週刊BCN 2003年08月25日vol.1003掲載

 NTTソフトウェア(鈴木滋彦社長)は、NTTグループ内からの受託開発だけでなく一般企業の受注も増やすため、営業体制などを強化した組織再編を行った。

 これまで技術単位で設置していた18事業部を3つの事業グループにして、ネットワーク基盤からアプリケーションまでを提供する「垂直統合ソリューション」体制にした。これによって新規プロジェクト別に要員配置を流動的に行えるようにした。

 同社の事業は、主にグループ内からの受注に頼ってきたが、2000年度(01年3月期)から3年連続赤字になり、抜本的な経営改革が求められていた。今回の組織再編にともない、パートナー企業も減らす方針だ。

 組織再編では、NTTグループ企業の主力であるモバイルやネットワークなど技術単位の18事業部を、技術や営業、企画など複数の事業ユニットをもつ3つの事業グループにした。

 同グループは、「モバイル&セキュリティ」、「ネットワークサービス」、「エンタープライズ」の大きなまとまりにし、各グループ長には取締役を置き、事業の開始や中止の決定などを俊敏に行う体制にした。

 同社はこれまで、NTTグループ内からの受注が収益の柱だった。しかし、「グループ内企業が増え競争が激しくなり、一般企業に向けた営業体制の必要性が高まった」(高橋成美・経営推進本部経営企画部担当部長)と判断した。

 これにともない営業戦略本部を強化したほか、各事業グループに「営業SE部門」というソフトやシステム開発の設計と営業を兼ね備えた部署を配置しているのが特徴だ。

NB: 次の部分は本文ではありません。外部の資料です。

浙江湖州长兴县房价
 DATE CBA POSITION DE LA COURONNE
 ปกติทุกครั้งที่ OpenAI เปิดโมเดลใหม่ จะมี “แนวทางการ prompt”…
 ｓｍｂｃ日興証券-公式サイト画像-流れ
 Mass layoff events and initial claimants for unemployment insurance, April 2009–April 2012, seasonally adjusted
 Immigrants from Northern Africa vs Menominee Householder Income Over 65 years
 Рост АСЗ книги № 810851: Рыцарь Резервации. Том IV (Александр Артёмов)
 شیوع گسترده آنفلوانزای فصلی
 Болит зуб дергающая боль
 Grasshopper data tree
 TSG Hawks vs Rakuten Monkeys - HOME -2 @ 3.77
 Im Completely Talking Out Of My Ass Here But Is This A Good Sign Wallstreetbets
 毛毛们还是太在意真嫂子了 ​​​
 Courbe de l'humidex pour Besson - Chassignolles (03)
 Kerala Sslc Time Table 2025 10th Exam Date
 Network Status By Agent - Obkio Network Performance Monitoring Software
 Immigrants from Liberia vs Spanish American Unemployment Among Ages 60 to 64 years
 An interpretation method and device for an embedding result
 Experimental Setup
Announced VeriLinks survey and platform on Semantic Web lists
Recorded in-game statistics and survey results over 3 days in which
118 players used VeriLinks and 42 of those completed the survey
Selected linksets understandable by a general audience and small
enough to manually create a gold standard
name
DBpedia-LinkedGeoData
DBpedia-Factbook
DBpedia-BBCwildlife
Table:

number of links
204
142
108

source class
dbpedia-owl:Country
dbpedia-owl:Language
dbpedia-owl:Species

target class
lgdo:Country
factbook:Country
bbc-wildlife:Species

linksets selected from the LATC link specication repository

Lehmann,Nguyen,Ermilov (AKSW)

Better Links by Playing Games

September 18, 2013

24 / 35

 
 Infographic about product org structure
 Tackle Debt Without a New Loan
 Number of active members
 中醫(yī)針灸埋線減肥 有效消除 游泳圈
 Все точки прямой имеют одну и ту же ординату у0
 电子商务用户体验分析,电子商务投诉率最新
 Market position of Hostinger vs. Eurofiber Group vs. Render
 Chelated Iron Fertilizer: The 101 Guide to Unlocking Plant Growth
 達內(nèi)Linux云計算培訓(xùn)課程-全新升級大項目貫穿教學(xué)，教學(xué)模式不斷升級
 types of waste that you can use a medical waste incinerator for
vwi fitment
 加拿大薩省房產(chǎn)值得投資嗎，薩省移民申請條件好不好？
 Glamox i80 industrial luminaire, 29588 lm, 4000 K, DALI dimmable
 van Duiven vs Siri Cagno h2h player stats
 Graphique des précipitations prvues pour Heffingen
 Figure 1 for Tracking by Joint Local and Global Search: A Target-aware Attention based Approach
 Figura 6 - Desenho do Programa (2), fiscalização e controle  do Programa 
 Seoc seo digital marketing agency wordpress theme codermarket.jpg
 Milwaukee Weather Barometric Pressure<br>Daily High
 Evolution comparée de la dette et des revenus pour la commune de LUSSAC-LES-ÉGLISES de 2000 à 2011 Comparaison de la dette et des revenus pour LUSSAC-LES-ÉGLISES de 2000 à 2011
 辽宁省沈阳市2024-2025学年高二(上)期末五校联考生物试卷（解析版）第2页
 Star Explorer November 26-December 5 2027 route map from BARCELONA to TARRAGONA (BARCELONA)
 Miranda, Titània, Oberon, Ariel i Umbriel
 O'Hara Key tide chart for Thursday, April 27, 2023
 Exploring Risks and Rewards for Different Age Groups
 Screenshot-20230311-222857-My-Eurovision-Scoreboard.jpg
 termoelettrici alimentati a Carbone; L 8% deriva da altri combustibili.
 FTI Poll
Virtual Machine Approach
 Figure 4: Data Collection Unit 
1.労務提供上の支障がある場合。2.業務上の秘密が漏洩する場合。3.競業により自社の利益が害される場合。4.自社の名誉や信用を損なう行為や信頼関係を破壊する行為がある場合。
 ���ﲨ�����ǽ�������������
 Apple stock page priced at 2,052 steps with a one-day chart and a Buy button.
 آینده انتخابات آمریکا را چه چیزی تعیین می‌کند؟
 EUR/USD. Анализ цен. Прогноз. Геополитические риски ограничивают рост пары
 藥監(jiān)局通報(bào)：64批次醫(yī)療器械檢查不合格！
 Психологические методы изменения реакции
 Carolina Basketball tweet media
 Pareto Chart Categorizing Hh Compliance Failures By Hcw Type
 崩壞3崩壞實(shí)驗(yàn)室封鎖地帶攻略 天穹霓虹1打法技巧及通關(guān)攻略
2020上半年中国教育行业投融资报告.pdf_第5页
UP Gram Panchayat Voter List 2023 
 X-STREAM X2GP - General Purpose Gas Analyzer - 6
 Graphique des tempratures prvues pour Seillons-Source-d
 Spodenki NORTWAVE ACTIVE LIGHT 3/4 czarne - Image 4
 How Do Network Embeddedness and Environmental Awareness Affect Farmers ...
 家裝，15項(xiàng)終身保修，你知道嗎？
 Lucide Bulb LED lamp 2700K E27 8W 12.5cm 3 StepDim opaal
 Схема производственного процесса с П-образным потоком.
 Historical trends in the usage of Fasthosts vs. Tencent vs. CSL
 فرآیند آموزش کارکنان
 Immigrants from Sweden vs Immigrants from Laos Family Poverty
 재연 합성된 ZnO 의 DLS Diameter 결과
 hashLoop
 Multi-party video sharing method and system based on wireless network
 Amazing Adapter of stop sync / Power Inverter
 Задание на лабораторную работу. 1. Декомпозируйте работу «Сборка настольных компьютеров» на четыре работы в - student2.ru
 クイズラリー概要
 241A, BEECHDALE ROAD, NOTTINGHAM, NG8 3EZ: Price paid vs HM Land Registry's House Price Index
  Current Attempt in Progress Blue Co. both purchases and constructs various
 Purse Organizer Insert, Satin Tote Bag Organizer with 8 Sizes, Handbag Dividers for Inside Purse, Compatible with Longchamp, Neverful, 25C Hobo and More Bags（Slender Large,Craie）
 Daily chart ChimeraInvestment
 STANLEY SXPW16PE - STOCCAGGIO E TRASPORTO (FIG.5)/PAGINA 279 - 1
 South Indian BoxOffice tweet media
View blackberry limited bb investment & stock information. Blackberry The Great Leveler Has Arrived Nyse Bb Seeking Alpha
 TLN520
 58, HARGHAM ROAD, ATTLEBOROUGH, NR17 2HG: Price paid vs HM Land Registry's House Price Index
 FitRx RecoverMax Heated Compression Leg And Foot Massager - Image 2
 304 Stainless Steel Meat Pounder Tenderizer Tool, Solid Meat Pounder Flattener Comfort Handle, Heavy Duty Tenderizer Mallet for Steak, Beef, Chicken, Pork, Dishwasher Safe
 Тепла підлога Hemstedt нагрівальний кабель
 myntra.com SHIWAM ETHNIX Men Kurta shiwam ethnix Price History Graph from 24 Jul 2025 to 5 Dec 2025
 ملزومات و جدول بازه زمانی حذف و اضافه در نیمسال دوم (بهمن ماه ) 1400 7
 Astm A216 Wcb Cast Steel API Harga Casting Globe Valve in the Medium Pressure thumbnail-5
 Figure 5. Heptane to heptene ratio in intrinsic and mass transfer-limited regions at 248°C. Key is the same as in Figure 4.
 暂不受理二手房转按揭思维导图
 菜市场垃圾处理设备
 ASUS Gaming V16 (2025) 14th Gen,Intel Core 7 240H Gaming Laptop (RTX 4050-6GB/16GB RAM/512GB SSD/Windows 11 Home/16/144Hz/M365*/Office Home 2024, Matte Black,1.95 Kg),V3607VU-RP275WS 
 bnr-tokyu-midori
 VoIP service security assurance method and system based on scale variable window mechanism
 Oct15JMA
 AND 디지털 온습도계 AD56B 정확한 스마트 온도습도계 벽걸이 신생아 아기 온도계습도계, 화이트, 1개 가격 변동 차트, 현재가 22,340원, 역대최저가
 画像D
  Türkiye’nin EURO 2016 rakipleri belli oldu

同戦略本部の担当者が受注した案件を、営業SE部門が収益性の高い事業に練り上げ、提案書をまとめる役目を担う。

 営業力を強化し新たな納入先を開拓する一方で、不採算事業や開発過程の管理を行う全社横断組織として「生産性革新センター」も新設した。

 同センター内のプロセスマネジメント部門では、すでに進行している案件であっても、事業単体で赤字が出そうなものについては、方向転換を指示するなど、開発現場から独立したチェック機能を果たす。

 また、同リソースマネージメント部門では、「これまで、野放図に提携してきた協力会社を見直す」ため、案件別にパートナー企業を厳選していく方針だ。

 一般企業向けの受託開発について、同社は「急激な拡大は難しい」と見ているが、乱立するグループ内子会社の再編に向けた動きを睨みながら、将来的に得意分野を増やし足場固めをしていく考えだ。